Frankfurt am Main Bei Immobilienunternehmen herrscht in Zeiten der Niedrigzinsphase Hochkonjunktur. Zwar sinkt die Rendite, doch die Preise steigen seit Jahren. Eine immer wieder befürchtete Preiskorrektur scheint bislang nicht in Sicht. Auch an der Börse läuft es hervorragend. Während die großen deutschen Indizes in diesem Jahr noch immer um ihre Vorjahresniveaus kämpfen, kennen die Titel der größten beiden börsennotierten Immobilienunternehme nur den Weg nach oben: Die im Dax notierte Vonovia konnte seit Jahresbeginn um fast ein Fünftel zulegen, bei Deutsche Wohnen im MDax beläuft sich der Wertgewinn gar auf ein Viertel.

Von der positiven Stimmung am Immobilien- und Aktienmarkt möchte nun auch Officefirst profitieren. Am Freitag verkündete die IVG-Tochter ihre Pläne, an die Börse zu gehen und bestätigte damit Informationen, die das Handelsblatt am Donnerstag aus Finanzkreisen erfuhr. Damit kehrt ein Teil des einst größten börsennotierten Immobilienunternehmens Deutschland, der IVG, an den Aktienmarkt zurück. Bei Officefirst ist mit den Büroimmobilien das Kerngeschäft der IVG gebündelt.

Bis Ende des Jahres soll der Börsengang über die Bühne gehen. Tatsächlich könnte dies aber deutlich eher der Fall sein. Einem Insider zufolge sei offenbar der 14. Oktober als Termin avisiert. Officefirst wollte sich dazu zunächst nicht äußern.

Ungewöhnlich wäre es jedenfalls nicht: Zwischen Verkündung der Pläne (im Fachjargon „Intention to float“ genannt) und tatsächlichem Börsengang liegt meist nur ein Monat.

Im Rahmen einer Kapitalerhöhung sollen Aktien im Volumen von 450 Millionen Euro platziert werden.
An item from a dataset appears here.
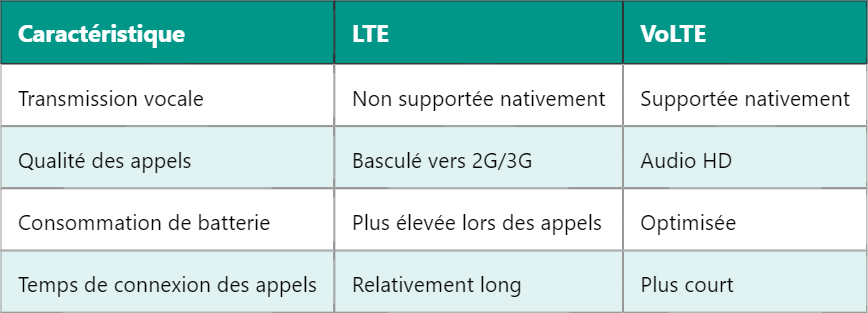 Différence entre LTE et VoLTE : Une Analyse Complète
Hinzu kämen indes noch Aktien aus dem Bestand der IVG. Zuletzt war von einem gesamten Emissionsvolumen von 800 bis 900 Millionen Euro spekuliert worden.

Ab Ende September wolle Officefirst dem Vernehmen nach auf „Roadshow“ gehen und bei möglichen Investoren für sich werben. Locken soll dabei schon eine Dividende im laufenden Jahr: 2016 soll 50 Prozent des operativen Ergebnisses an die Aktionäre ausgeschüttet werden. 2017 soll die Quote dann schon 65 bis 70 Prozent betragen.
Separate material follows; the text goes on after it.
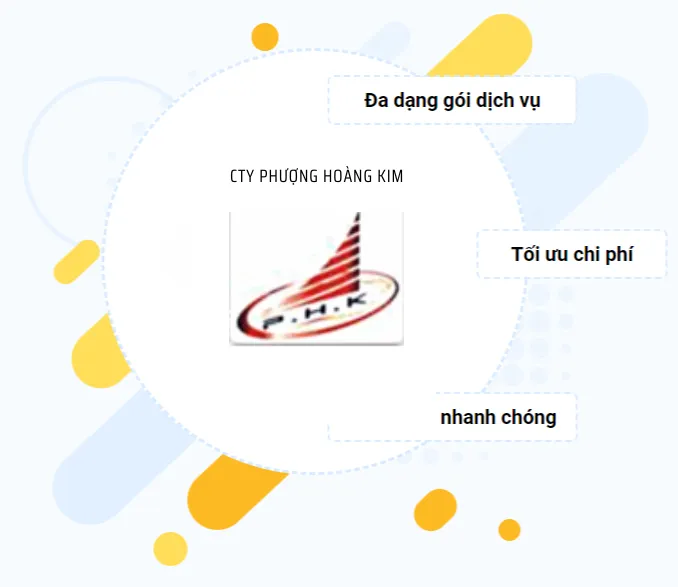 Sản phẩm Thiet ke chua co ten 25 — Vận Tải Phượng Hoàng Kim - Công Ty TNHH Phượng Hoàng Kim — MST 0311124777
Wie hoch die Dividende pro Anteilsschein tatsächlich liegt, wie viele Aktien ausgegeben werden und welcher Preis für ein Wertpapier fällig wird ist allerdings noch nicht klar. Darüber werde noch eifrig debattiert, berichtet ein Insider.

Die Geschäfte laufen, wie üblich vor einem geplanten Börsengang, gut: Im ersten Halbjahr 2016 stieg das operative Ergebnis um 14 Prozent auf 46,6 Millionen Euro. Die Vermietungsquote liegt bei 91,4 Prozent und generiert Mieteinnahmen von 207 Millionen Euro.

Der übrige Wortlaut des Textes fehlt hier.